泉屋博古館・富岡鉄斎展





岡崎天王町の交差点をさらに東に坂を上っていくと、そこは閑静な住宅街、というよりも豪華な屋敷が並んでいる(明治時代は別荘地であったらしい)。右手には岡崎つる家。皇族、国賓が入洛された際には、必ずここで夕食である。あのタイヤメーカーの格付け本で最高点を取ったが、ある意味当然であろう。一見さんお断りなのか店を表す看板が一つもない。知らない人は通り過ぎてしまうだろうが、もっとも高くてとても入れない。
北側にはある新宗教の京都本部、疎水を挟んで別の新興宗教のこれも京都本部がある。その東側、鹿ケ谷通角にあるのがこの美術館である。


ここは住友家の15代住友吉左衛門(号:春翠)の別荘の一部を美術館として建設し、住友家の所蔵品を収蔵している。
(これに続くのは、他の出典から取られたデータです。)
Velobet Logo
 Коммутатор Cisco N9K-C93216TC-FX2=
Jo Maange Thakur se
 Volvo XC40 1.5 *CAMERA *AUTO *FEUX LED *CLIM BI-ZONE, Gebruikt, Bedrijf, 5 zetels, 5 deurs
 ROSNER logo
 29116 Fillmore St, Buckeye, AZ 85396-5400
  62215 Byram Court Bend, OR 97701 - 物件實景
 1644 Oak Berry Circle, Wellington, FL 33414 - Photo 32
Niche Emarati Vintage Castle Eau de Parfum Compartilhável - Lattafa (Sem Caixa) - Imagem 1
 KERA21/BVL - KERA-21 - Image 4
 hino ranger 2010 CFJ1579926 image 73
中国古代の青銅器が有名であったのでそれが主かと思っていたら、今回のように日本画も沢山所蔵しているとのこと。国宝も2点あり、いずれも中国の鏡と絵画である。
見学した当日はたまたま学芸員による解説があり、一点一点を1時間以上に亘り解説してもらえるラッキーな日であった。京都の町を歩くと鉄斎の書になる屋号を扁額にしている店を見かけることがある(2件は知っているが、もっとあったような気もする)。京都の人には親しまれた文人画家である。今回は30点もの展示があったにも関わらず、泉屋博古館のパンフレットには鉄斎のての字も載っていない。もっとすごい作品が沢山あるとでも言いたいのだろうか?


大文字の火床が指呼の間に見えるこじんまりとした、しかし品のいい美術館である。